About this exercise: For the data below, report how many lines include the word "Mountain", and write nothing else.

(Dataset entries)
..........

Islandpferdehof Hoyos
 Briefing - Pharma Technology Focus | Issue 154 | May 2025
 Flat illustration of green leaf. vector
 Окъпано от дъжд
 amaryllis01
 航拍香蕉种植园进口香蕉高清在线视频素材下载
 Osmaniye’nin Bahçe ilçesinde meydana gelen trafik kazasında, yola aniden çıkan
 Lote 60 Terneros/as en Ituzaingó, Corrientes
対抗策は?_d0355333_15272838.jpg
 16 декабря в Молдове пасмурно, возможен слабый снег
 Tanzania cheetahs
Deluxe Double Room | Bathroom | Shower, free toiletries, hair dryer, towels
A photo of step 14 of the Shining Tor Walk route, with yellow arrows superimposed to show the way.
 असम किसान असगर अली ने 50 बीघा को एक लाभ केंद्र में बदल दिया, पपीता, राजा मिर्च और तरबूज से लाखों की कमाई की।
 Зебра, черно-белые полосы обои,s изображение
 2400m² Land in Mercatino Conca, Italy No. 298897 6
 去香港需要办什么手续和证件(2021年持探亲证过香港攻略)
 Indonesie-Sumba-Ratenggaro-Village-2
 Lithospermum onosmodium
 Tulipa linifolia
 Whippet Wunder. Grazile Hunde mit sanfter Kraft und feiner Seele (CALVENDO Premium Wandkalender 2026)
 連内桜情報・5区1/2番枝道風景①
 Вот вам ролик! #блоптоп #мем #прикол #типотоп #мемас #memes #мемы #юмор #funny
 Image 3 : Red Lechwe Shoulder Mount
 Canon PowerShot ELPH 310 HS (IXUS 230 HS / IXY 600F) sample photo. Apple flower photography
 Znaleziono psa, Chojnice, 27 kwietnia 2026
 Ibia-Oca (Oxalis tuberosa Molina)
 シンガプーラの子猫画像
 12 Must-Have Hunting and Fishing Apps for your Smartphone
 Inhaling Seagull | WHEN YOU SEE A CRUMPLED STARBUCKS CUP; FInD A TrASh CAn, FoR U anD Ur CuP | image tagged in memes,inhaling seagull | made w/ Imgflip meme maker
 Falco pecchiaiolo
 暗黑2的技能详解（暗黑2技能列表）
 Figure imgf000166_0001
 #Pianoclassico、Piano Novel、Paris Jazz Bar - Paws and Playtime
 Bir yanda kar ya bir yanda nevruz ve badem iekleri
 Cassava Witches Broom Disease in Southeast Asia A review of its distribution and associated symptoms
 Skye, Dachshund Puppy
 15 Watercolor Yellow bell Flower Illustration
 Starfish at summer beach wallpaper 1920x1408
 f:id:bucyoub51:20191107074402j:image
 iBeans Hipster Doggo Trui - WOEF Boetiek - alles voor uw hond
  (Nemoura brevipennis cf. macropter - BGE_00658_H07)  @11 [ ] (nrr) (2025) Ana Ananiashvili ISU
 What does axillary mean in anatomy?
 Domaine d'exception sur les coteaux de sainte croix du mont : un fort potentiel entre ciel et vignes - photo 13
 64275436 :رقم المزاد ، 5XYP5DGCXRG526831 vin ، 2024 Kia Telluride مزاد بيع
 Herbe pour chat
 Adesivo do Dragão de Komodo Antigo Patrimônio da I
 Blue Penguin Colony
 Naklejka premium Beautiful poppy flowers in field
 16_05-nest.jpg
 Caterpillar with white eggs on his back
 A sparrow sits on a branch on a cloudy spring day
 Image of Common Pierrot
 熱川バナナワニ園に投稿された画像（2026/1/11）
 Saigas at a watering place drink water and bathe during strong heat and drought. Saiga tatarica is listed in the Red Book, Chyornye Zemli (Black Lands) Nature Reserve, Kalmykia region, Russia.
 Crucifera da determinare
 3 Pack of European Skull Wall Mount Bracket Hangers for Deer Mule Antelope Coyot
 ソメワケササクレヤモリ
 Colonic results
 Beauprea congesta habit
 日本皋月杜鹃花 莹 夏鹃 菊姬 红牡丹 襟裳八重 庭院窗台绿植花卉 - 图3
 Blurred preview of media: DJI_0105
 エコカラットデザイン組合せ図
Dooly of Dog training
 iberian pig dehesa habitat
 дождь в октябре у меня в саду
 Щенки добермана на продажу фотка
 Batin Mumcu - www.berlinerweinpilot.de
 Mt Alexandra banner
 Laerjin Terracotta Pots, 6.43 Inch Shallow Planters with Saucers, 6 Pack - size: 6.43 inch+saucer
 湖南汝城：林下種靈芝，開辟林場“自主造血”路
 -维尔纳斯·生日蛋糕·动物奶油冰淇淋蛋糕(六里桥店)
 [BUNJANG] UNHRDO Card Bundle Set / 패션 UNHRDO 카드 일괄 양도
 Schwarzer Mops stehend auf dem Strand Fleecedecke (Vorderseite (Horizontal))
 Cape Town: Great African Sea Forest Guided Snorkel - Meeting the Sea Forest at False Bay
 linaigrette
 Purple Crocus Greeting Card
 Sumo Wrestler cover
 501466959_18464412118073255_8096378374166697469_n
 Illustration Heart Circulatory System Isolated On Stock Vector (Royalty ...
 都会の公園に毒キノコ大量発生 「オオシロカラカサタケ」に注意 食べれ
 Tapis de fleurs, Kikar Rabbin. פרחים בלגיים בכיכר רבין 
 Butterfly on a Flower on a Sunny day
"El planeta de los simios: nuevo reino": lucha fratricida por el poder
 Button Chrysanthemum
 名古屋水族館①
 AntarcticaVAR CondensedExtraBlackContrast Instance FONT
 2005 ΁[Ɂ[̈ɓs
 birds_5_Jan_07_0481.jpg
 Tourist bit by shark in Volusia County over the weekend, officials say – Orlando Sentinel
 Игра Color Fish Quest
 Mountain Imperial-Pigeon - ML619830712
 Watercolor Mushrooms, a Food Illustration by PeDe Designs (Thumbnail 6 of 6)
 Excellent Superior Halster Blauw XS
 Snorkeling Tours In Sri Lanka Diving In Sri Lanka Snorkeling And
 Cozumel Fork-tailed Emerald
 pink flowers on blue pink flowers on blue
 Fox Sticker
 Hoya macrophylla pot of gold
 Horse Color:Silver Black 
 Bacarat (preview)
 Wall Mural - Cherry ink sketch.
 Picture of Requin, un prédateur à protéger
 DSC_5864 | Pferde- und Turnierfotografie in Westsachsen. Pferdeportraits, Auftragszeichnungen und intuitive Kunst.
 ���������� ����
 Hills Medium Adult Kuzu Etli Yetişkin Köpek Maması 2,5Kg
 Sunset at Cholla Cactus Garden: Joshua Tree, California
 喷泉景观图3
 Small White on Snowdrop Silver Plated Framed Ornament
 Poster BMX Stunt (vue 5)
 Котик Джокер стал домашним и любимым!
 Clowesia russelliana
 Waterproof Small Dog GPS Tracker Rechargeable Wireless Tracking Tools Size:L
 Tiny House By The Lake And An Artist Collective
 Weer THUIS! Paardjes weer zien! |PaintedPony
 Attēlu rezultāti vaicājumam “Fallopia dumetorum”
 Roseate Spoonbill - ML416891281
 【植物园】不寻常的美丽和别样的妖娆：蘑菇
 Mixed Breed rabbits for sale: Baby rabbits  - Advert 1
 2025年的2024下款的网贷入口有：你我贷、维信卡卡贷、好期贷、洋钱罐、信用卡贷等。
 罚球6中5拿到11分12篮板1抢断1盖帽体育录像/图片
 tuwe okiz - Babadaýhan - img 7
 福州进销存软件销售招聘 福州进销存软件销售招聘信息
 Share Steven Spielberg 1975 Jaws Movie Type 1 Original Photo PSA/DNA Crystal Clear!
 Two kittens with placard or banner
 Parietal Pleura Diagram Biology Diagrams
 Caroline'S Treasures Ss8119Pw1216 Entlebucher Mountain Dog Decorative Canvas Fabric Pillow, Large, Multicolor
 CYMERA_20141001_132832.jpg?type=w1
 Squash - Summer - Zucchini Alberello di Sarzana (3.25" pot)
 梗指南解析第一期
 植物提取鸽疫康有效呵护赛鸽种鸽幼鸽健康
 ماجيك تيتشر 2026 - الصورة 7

..........

Reply: 2